Projects

Alpha-Mannosidosis

The Zymenex pipeline includes Lamazym, for the treatment of the lysosomal disease Alpha-Mannosidosis. This disease is due to a deficiency of the Laman enzyme, affects approximately 500 patients world wide and the project is in late pre-clinical development.

Alpha-Mannosidosis is caused by an inability to break down certain carbohydrates, leading to the accumulation of oligosaccharides (carbohydrate molecules) in the lysosomes. It is believed that reducing the level of accumulated mannose-containing compounds would alleviate the symptoms associated with the condition.

The most severe form of the disease, the infantile phenotype (type 1) leads to rapid progressive mental retardation and typically death between 3 and 12 years of age.
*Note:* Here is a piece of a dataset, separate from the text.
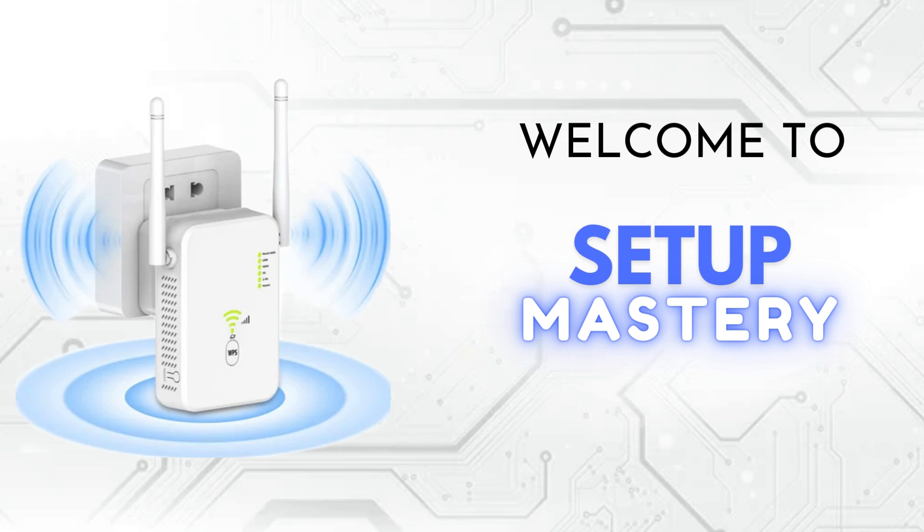Welcome to Setup Mastery, your go-to channel for all things tech. Here, we explore the latest gadgets, unbox cutting-edge devices, and provide step-by-step installation guides to help you optimize your setup. Subscribe now and join our journey to master the art of perfect setups.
The juvenile-adult phenotype (type 2) is characterized by a milder and more slowly progressive course with survival into adulthood.

Zymenex collaborated with a number of European scientific groups under EU grants "Euraman" from 2003 to 2006 and "HUE-MAN from 2007 to 2009 to develop this enzyme and has, together with the scientific group, published proof-of-principle data (Hum. Mol. Genetics, 2008, vol 17, no 22: 3437-3445). Zymenex and its clinical and scientific collaborators received a new EU grant "ALPHAMAN" of € 5.9 million, under the 7th Framework 2010 www.alpha-man.eu to continue developing Lamazym and to perform clinical trials Phases 1 through 3 in alpha-Mannosidosis patients. Lamazym has received Orphan Drug Designation in both Europe and the US.

Globoid Cell Leukodystrophy (Krabbé)

Krabbé disease is a rare, inherited degenerative disorder of the central and peripheral nervous systems. It is characterized by the presence of globoid cells (cells that have more than one nucleus), the breakdown of the nerve's protective myelin coating, and destruction of brain cells. Krabbé disease is a leukodystrophy with an impairment of the growth or development of the myelin sheath, the fatty covering that acts as an insulator around nerve fibers, and cause severe degeneration of mental and motor skills. Myelin, which lends its color to the "white matter" of the brain, is a complex substance made up of at least 10 different enzymes. Krabbé disease is caused by a deficiency of the enzyme galactocerebrosidase, an essential enzyme for myelin metabolism. The disease most often affects infants, with onset before age 6 months, but can occur in adolescence or adulthood. Symptoms include irritability, unexplained fever, limb stiffness, seizures, feeding difficulties, vomiting, and slowing of mental and motor development. Other symptoms include muscle weakness, spasticity, deafness, and blindness. Infantile Krabbé disease is generally fatal before age 2. Bone marrow transplantation has been shown to benefit mild cases early in the course of the disease. Generally, treatment for the disorder is symptomatic and supportive.

Aspartylglucosaminuria

Aspartylglucosaminuria is an inherited disease belonging to the larger family of metabolic disorders called ‘lysosomal storage diseases'. Patients with this condition are unable to produce enough of the enzyme aspartylglucosaminidase, which is involved in the breakdown of molecules called glycoproteins within cells. As a result, glycoproteins accumulate in tissues, causing cell damage, particularly in the nerves and bones.

Patients with the disease have developmental delays (such as in speech and movement) in the early years of life, followed by a gradual decline in mental abilities in later years. Patients may also have problems with their bones, such as abnormalities in the curvature of their spine and in their facial features.

Aspartylglucosaminuria is a debilitating and life-threatening disease because of the decline in mental functions and other problems such as epilepsy and infections.

Technology

The company’s core knowledge is within protein technology, with expertise in molecular cloning, fermentation/purification, analytical development, preclinical and clinical testing and regulatory affairs. Zymenex has proprietary intellectual property in the field of Rare Metabolic Diseases.